§ **Provided records**:

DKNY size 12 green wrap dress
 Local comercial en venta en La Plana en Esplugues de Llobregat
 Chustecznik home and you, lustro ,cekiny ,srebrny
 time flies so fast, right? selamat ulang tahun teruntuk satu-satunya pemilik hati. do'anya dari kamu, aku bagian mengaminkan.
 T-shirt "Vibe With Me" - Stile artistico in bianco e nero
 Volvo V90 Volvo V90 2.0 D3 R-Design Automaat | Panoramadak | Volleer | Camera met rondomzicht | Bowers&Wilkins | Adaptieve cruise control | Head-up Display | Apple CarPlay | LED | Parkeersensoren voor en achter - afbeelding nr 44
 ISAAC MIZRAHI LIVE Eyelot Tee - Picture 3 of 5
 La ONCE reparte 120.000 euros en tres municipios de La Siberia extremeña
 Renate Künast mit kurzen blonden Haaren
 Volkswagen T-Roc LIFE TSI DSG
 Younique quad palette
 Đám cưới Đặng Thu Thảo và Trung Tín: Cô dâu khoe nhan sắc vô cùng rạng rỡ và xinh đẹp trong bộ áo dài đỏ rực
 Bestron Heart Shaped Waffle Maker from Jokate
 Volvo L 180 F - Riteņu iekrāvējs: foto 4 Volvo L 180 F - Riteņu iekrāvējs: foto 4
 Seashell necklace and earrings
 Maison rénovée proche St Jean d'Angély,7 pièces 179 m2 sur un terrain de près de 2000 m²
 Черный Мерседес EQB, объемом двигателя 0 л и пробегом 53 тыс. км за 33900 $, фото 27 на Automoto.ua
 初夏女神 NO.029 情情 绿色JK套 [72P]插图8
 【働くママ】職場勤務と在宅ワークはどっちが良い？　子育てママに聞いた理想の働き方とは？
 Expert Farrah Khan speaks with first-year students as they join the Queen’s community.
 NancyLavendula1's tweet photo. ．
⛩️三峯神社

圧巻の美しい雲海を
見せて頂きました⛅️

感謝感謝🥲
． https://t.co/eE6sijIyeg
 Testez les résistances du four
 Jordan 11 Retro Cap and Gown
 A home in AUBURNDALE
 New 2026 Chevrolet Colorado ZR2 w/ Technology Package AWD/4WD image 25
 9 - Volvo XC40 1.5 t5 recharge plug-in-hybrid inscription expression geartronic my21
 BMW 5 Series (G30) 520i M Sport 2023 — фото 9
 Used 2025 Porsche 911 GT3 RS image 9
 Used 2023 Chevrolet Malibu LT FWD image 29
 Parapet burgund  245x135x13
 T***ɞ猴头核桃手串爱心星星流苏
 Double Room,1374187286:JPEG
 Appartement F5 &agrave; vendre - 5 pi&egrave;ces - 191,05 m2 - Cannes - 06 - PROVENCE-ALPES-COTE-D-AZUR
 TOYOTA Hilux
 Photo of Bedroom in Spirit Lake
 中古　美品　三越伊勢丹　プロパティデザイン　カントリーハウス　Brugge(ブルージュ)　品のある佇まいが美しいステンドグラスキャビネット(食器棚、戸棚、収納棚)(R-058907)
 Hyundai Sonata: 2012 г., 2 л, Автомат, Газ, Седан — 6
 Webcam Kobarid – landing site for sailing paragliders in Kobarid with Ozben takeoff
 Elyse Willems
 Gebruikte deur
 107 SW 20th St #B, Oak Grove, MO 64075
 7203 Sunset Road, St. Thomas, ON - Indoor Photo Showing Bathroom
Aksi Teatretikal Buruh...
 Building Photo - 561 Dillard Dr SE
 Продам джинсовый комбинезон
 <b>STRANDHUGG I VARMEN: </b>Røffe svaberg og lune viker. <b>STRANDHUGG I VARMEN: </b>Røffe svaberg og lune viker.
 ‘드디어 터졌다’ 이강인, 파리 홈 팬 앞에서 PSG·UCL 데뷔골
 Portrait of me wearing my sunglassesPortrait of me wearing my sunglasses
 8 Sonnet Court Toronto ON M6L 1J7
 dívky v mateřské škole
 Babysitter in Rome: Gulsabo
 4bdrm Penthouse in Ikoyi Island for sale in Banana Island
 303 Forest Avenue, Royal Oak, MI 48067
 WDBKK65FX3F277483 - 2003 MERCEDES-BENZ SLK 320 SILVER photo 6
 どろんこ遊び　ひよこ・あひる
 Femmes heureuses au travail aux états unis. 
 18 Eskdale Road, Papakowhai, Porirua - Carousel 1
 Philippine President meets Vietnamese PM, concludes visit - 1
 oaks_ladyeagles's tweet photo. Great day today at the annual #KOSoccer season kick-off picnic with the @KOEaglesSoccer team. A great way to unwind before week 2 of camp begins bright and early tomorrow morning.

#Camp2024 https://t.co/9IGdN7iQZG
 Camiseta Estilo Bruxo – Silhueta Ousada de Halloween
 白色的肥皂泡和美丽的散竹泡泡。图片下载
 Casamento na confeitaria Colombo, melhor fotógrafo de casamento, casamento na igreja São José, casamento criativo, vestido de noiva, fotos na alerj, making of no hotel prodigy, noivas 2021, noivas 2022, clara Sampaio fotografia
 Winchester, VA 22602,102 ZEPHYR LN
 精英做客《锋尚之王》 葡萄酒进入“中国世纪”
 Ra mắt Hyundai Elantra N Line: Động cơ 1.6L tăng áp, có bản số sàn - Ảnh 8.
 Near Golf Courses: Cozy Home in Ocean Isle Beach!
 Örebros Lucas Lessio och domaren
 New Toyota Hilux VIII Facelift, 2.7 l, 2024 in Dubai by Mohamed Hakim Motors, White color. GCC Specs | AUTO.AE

§ **Your objective**: When you reach the line holding "Appartement F5 &agrave;" in the records above, begin reproducing exactly, stop after the line holding "Casamento na confeitaria", and output nothing else.

§ **Response to the exercise**:
 Appartement F5 &agrave; vendre - 5 pi&egrave;ces - 191,05 m2 - Cannes - 06 - PROVENCE-ALPES-COTE-D-AZUR
 TOYOTA Hilux
 Photo of Bedroom in Spirit Lake
 中古　美品　三越伊勢丹　プロパティデザイン　カントリーハウス　Brugge(ブルージュ)　品のある佇まいが美しいステンドグラスキャビネット(食器棚、戸棚、収納棚)(R-058907)
 Hyundai Sonata: 2012 г., 2 л, Автомат, Газ, Седан — 6
 Webcam Kobarid – landing site for sailing paragliders in Kobarid with Ozben takeoff
 Elyse Willems
 Gebruikte deur
 107 SW 20th St #B, Oak Grove, MO 64075
 7203 Sunset Road, St. Thomas, ON - Indoor Photo Showing Bathroom
Aksi Teatretikal Buruh...
 Building Photo - 561 Dillard Dr SE
 Продам джинсовый комбинезон
 <b>STRANDHUGG I VARMEN: </b>Røffe svaberg og lune viker. <b>STRANDHUGG I VARMEN: </b>Røffe svaberg og lune viker.
 ‘드디어 터졌다’ 이강인, 파리 홈 팬 앞에서 PSG·UCL 데뷔골
 Portrait of me wearing my sunglassesPortrait of me wearing my sunglasses
 8 Sonnet Court Toronto ON M6L 1J7
 dívky v mateřské škole
 Babysitter in Rome: Gulsabo
 4bdrm Penthouse in Ikoyi Island for sale in Banana Island
 303 Forest Avenue, Royal Oak, MI 48067
 WDBKK65FX3F277483 - 2003 MERCEDES-BENZ SLK 320 SILVER photo 6
 どろんこ遊び　ひよこ・あひる
 Femmes heureuses au travail aux états unis. 
 18 Eskdale Road, Papakowhai, Porirua - Carousel 1
 Philippine President meets Vietnamese PM, concludes visit - 1
 oaks_ladyeagles's tweet photo. Great day today at the annual #KOSoccer season kick-off picnic with the @KOEaglesSoccer team. A great way to unwind before week 2 of camp begins bright and early tomorrow morning.

#Camp2024 https://t.co/9IGdN7iQZG
 Camiseta Estilo Bruxo – Silhueta Ousada de Halloween
 白色的肥皂泡和美丽的散竹泡泡。图片下载
 Casamento na confeitaria Colombo, melhor fotógrafo de casamento, casamento na igreja São José, casamento criativo, vestido de noiva, fotos na alerj, making of no hotel prodigy, noivas 2021, noivas 2022, clara Sampaio fotografia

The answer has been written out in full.